Thomas Walther, la deuxième vie d’un chasseur de nazis
L'avocat estime qu'il n'y avait "aucune limite d'âge pour les victimes," pourquoi y en aurait-il pour les coupables ?
Né sous le IIIe Reich, Thomas Walther a attendu la fin de sa carrière de juge pour se lancer sur les traces des derniers nazis.

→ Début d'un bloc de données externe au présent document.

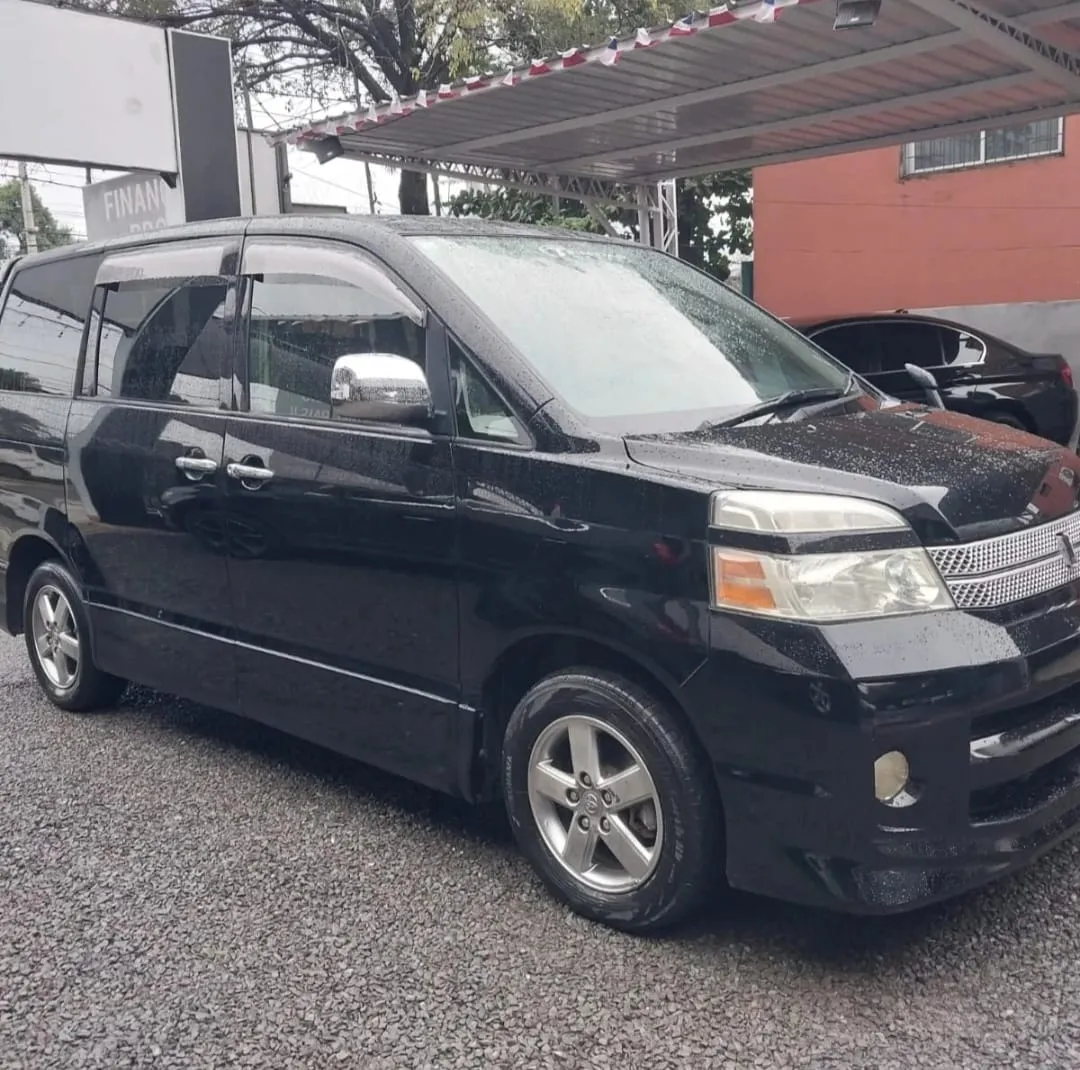 TOYOTA VOXY 2005, imagen 3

Devenu avocat, il s’efforce de les conduire « jusqu’au bout » devant la justice allemande.
Face à la presse, le petit homme de 71 ans au crâne nimbé de pâles cheveux mi-longs s’efface derrière les récits de ses clients, survivants ou proches des victimes de la Shoah, n’ajoutant que de discrètes précisions.

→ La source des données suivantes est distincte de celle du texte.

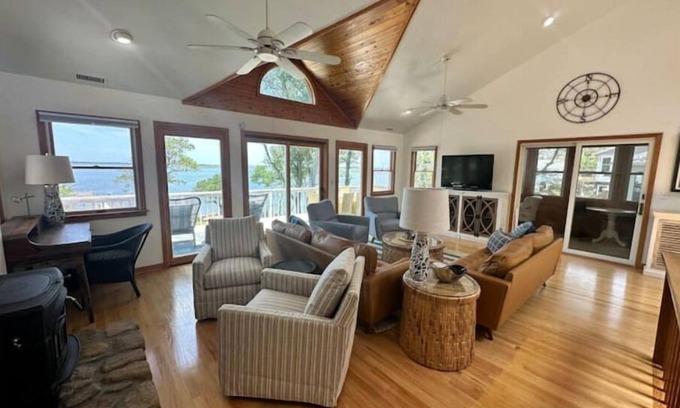 Colington Harbour Casa | Scout's Harbour Family Bayhouse!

Mais sans ce « retraité franc-tireur de la magistrature bavaroise », comme le surnommait en 2012 le Jerusalem Post, le procès de l’ancien comptable d’Auschwitz Oskar Gröning, qui s’ouvre mardi à Lunebourg (nord), n’aurait jamais eu lieu.

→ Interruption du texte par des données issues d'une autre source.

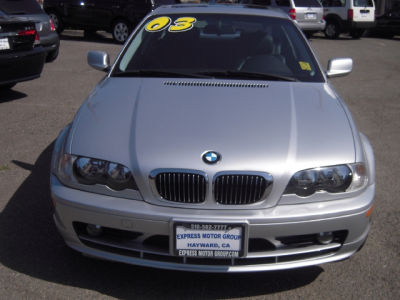 2003 BMW 325  Ci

« C’est lui qui a provoqué le coup de théâtre légal » permettant de poursuivre « les moindres rouages » de l’extermination nazie, résumait le quotidien israélien.
Fraîchement nommé à l’Office d’enquête sur les crimes du nazisme de Ludwigsbourg (sud-ouest), en 2006, Thomas Walther avait monté l’accusation contre John Demjanjuk, ancien gardien du camp de Sobibor, sans preuve d’un geste criminel précis.
Son argumentation, basée sur l’idée que Sobibor était une « usine de mort » engageant chaque participant, avait abouti à la condamnation en 2011 de Demjanjuk pour « complicité de 27 900 meurtres aggravés ».
‘Comme des chats’
Cette décision retentissante, alors que l’Allemagne semblait en finir avec les procès nazis, avait ouvert la voie à une salve de procédures contre d’anciens SS naguère épargnés, dont Oskar Gröning, jugé jusqu’en juillet.
Interrogé par le New York Times sur l’opportunité de traquer des vieillards pour des faits commis il y a 70 ans, Walther refusait l’oubli judiciaire pour de tels crimes, rappelant qu’il n’y avait « aucune limite d’âge pour les victimes ».
Dans le procès Demjanjuk, « la plus âgée avait 98 ans. La plus jeune avait trois semaines et demi. Les bébés étaient tués comme des chats », soulignait l’avocat en 2009, claquant son poing contre sa main pour mimer l’écrasement de petits crânes.
Né en 1943, hanté par l’ampleur des massacres perpétrés quand il faisait ses premiers pas, Thomas Walther attribue son engagement à son père Rudolf, qui lui a appris « à agir justement au lieu de parler », racontait-il fin mars au quotidien Die Welt.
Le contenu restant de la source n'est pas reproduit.